You probably have never heard of Bruce DuMont, but he was a celebrity in his Chicago neighborhood back in 1952 when he was 8 years old. His family owned a television set.
The picture was a bit fuzzy, and all in black and white. But it was "the hottest thing" around, and DuMont recalls that people came from all over for a look-see.
DuMont is head of the Museum of Broadcast Communications in Chicago now and literally part of television history. But the vehicle for those early days of television--the black-and-white set--has almost disappeared.
Except for miniature models, black-and-white TVs have faded from view, their sales shrinking as fast as the size of their screens. The sets rarely are seen even in discount stores anymore, and prisons are among the few remaining customers.
Many of the nation's biggest retail chains, such as Sears, Roebuck & Co. and Kmart Corp., don't sell any traditional black-and-white sets. The last time Sears sold them was in 1990, and then it was just for the Christmas season when the chain offered a 12-inch model for $79 to drum up customer traffic.
Stores that do sell black-and-white TVs usually won't sell anything bigger than the small models, with screen sizes typically ranging from a few inches to 7 inches, and the same holds true for electronic appliance chains.
"That's really a dead market," Pat Ruggieri, a marketing manager for Sony Corp., said of larger black-and-white sets.
Emerson Radio Corp. of North Bergen, N.J., still markets a 12-inch black-and-white set made in factories in the Far East, but a company executive, noting the razor-thin profits, thinks the future of the medium is anything but black and white.
"Nobody really likes the business anymore," Executive Vice President Marino Andriani said. "I don't think you'll see a day where you couldn't sell a black-and-white set. But will people continue to make them? That's another question."
The Electronic Industries Assn. estimates that nearly all of America's 94 million households have at least one color TV set, and that about half still have some kind of black-and-white set around.
While the trade group projects that more than 20 million color TVs will be shipped in the United States this year, the estimate for black-and-white sets is only about 1 million.

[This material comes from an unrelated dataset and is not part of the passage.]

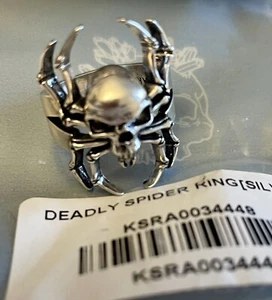 Anillo araña gótico mortal Killstar - Nuevo con etiquetas talla Q - Imagen 1 de 7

The end of black-and-white broadcasting was on the horizon as early as 40 years ago. Limited color telecasts began in 1953, and the television networks shifted to color in the mid-1960s.
"At the beginning, it was very strange," said Julius Barnathan, who recently retired as an ABC executive after 37 years. "Actors didn't realize how much additional makeup they would need. And we couldn't quite get yellow. They had to paint a different color to come up with yellow."

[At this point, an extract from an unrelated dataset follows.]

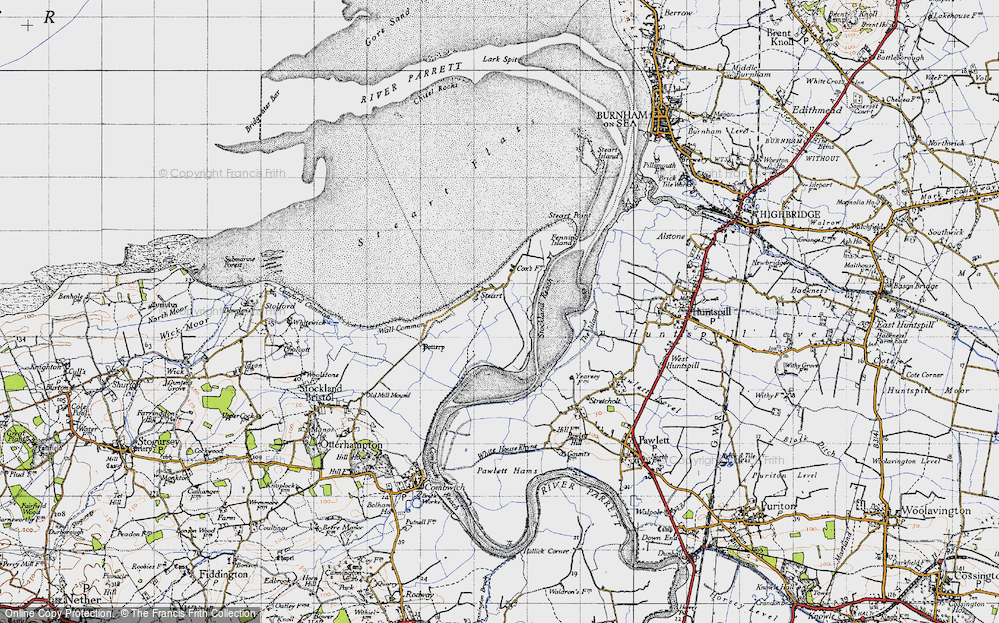 Old Map of Steart, 1946 in 1946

Color brought new opportunities for programmers and advertisers, who could use graphics more creatively.
The NBC peacock was a symbol of this new world, and viewers were amazed by the hues they saw in shows such as "Bonanza" or the spectacular Rose Bowl Parade.
In sporting events, viewers suddenly could identify teams by the colors of their jerseys.

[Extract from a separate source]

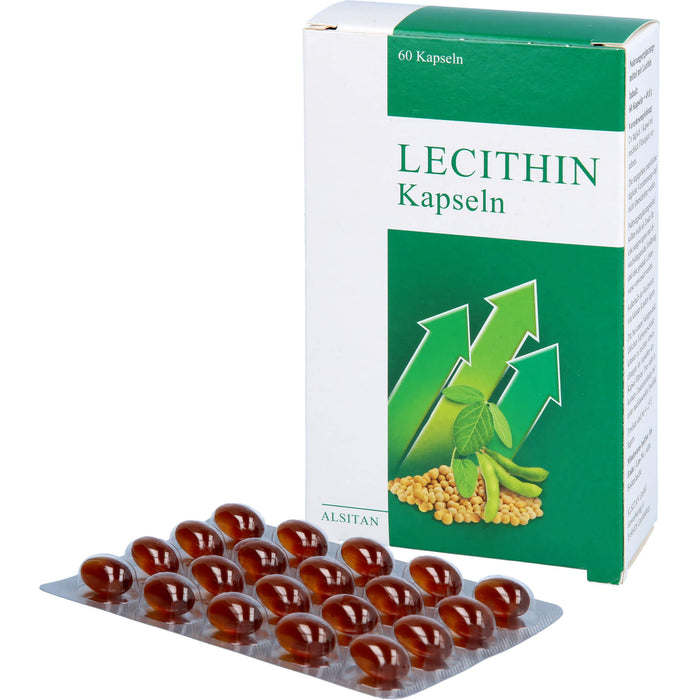 ALSITAN Lecithin Kapseln, 60 St. Kapseln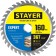 Disk STAYER 3682-160-20-36_z01, on wood, accurate cut, 36t, 160 x 20/16 mm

"You think of baseball in the '40s and '50s, and you think in black-and-white," said Ron Simon, curator of television for the Museum of Television & Radio in New York.
"Then people discovered home movies in color. You see the players in color. You see the grass in color. It's a whole different sensation of what the stadium looked like. It's almost like two different levels of experience."
The roots of black-and-white television go back to the 19th Century with the discovery of radio waves. Scientists eventually tinkered with systems to transmit pictures and, in 1929, a Russian immigrant named Vladimir Zworykin demonstrated a television system complete with a camera and picture tube.
After several years of experimental telecasts in Great Britain and America, RCA Corp. installed TVs in 150 homes in the New York area and began regular broadcasts through its subsidiary, NBC, in 1936.
The number of sets in the country climbed from about 10,000 near the end of World War II to about 6 million by 1950.
In those early years, sets were more like a piece of furniture--big, wooden cabinets with tiny screens, resembling somewhat the radios of the day.
"It tried to fit into people's lives by looking familiar," said Larry Bird, curator of a TV exhibit a couple years ago at the Smithsonian Institution's National Museum of American History.
"There was an uneasiness of where to put this thing," Bird said. "But pretty soon, the arrangement of domestic space turned toward the set, whether it was on or off."
For some who rose to stardom during TV's early days, the notion that Americans were watching black-and-white television rather than color made little difference.
Milton Berle, television's first star, says simply: "Funny is funny."
"Color isn't going to enhance the performance or the script," said Berle, who entertained viewers on "The Texaco Star Theater" from 1948 to the mid-1950s.
Everett Greenbaum, a writer for "The Andy Griffith Show" and "MASH," agreed. He recalls the first time he saw one of his products in color, a "Mr. Peepers" show, starring Wally Cox.
"I remember the first five minutes. We were astonished," Greenbaum said. "But after six minutes, we realized it was a lousy script, and that's what we concentrated on."
Even if black-and-white sets go by the wayside, black-and-white programming still remains popular and, in some cases, is viewed as avant-garde rather than outdated.